Southwest Miami Senior High School  (colloquially known as simply "Southwest"), is a co-educational secondary school in Olympia Heights, a census-designated place in Miami-Dade County, Florida, United States. Southwest is currently an 'A' school and of the more than 30 public schools that are neither all magnet schools nor charter schools, Southwest is ranked second best in Miami-Dade county by U.S. News & World Report.

History 
Southwest Miami High School was founded in September 1956 as Southwest Miami Junior Senior High School. The school was built to alleviate overcrowding at neighboring Coral Gables Senior High School. Featuring grades 7-10, it was eventually converted to a high school in 1959 upon graduating its first senior class.

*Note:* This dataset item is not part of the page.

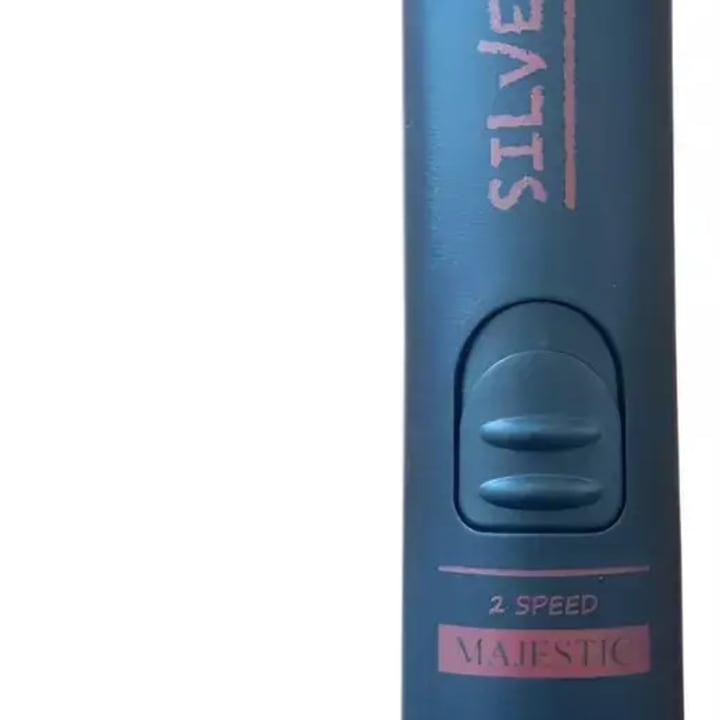 Máquina Majestic Silver (uso doméstico)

Southwest's athletic rival is Miami Coral Park Senior High School.

Demographics
Southwest Miami High School is 95% Hispanic, 1% Black and 4% other.

Student media
The student newspaper was the Lancer, the yearbook is Aquila (Latin for "eagle"), and TV production students are responsible for the morning announcements.

Performing arts
The Royal Lancer marching band used to perform at halftime of football games and the Illusion dancers perform throughout the school year.

Athletic achievements
Southwest has a rich history in athletics. By the time the first graduating class (1959) donned their caps and gowns, the Eagles had already won state championships in boys' basketball and boys' track.  On May 7, 1964, Southwest became the first Dade County white school to face a black school in a sport other than track when it took on George Washington Carver Senior High School in baseball. The Florida High School Athletic Association began sponsoring state championships in boys' volleyball in 2003 and, in the first eight years of the state tournament, the Eagles took home two state championships.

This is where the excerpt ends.